Secretary of State Hillary Clinton said Afghans must take responsibility for their own future.
On Tuesday, Mr Karzai said the Afghans would manage provinces of Panjshir, Kabul and Bamiyan, the cities of Herat and Mazar-e Sharif and Mehterlam town.
Lashkar Gah, capital of the volatile Helmand province, was also named.
The handover is seen as a critical step in a transition of power before foreign troops end combat operations in 2014.
“We look forward to troop reductions starting in July and continuing based on conditions on the ground, with the transition to be completed by the end of 2014,” Clinton said in a statement.
“The United States is also currently negotiating a bilateral Strategic Partnership Declaration with Afghanistan.
“This new partnership will contribute to building up Afghanistan’s capacity and institutions, as well as to improved economic and political relations between Afghanistan and its neighbours well beyond 2014,” she added.
Earlier, in a BBC interview, the commander of international forces in Afghanistan, General David Petraeus, said progress against the Taliban was significant but also fragile and still reversible.
There were already signs of a spring offensive by the insurgents, he said.
‘First step’
On Tuesday, President Karzai said the people of Afghanistan did “not want the foreigners to take responsibility for security any more.”
This is the first step in a long process of withdrawal, which will begin in July when the first tranche of foreign troops is set to leave Afghanistan.
After that, in these areas, the primary role of foreign troops will be to train and equip Afghan security forces, he said. Nato troops will cease to engage in battle.
President Karzai said that the handover would eventually be extended to individual districts outside of the cities named.
The entire province of Kabul, including the capital of the country, would come under Afghan control — but the restive district of Surobi would remain in foreign hands.

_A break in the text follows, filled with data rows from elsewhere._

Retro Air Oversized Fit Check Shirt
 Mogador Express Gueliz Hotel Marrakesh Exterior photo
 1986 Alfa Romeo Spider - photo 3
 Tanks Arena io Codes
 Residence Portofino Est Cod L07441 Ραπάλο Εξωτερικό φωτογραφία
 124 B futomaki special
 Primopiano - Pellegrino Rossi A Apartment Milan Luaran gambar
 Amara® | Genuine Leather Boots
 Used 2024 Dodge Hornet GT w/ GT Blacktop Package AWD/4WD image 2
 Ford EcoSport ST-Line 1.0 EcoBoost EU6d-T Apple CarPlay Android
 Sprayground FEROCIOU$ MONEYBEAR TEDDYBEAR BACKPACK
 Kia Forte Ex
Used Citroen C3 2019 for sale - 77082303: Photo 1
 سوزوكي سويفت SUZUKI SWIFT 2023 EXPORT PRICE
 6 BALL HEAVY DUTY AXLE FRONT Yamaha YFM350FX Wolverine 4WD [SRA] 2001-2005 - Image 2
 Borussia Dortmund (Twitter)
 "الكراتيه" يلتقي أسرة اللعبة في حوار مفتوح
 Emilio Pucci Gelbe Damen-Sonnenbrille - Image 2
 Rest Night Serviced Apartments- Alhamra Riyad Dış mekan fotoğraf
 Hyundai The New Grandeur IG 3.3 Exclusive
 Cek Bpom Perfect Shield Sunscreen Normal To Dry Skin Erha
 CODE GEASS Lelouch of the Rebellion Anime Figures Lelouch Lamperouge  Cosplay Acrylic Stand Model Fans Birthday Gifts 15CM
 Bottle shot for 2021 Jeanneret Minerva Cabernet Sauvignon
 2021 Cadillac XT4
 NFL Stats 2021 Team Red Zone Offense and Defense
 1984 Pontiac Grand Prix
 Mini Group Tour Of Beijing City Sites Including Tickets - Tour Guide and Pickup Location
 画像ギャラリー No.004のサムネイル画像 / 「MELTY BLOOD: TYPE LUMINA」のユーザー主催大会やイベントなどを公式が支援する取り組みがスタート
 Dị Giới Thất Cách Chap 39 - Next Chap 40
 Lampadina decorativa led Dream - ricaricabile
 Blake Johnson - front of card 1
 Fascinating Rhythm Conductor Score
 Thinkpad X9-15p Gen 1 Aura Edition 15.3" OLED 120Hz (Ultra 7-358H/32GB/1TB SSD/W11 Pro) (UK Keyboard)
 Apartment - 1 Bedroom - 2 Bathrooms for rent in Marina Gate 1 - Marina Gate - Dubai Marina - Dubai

The BBC’s Quentin Sommerville in Helmand, which has seen the worst of the violence over recent years, said that despite rising casualty numbers, the surge of extra American troops and tens of thousands of new Afghan police and soldiers have improved security in a number of areas in the country.
Sommerville said this transition comes with a risk.
Although much improved, the quality of Afghan police and soldiers is patchy — and many people fear they will be unable to withstand a renewed summer offensive from the Taliban, our correspondent says.
Analysts say that it is only to be expected that these regions will once again be the focus of a lot of activity as the Taliban will be planning to seize them back.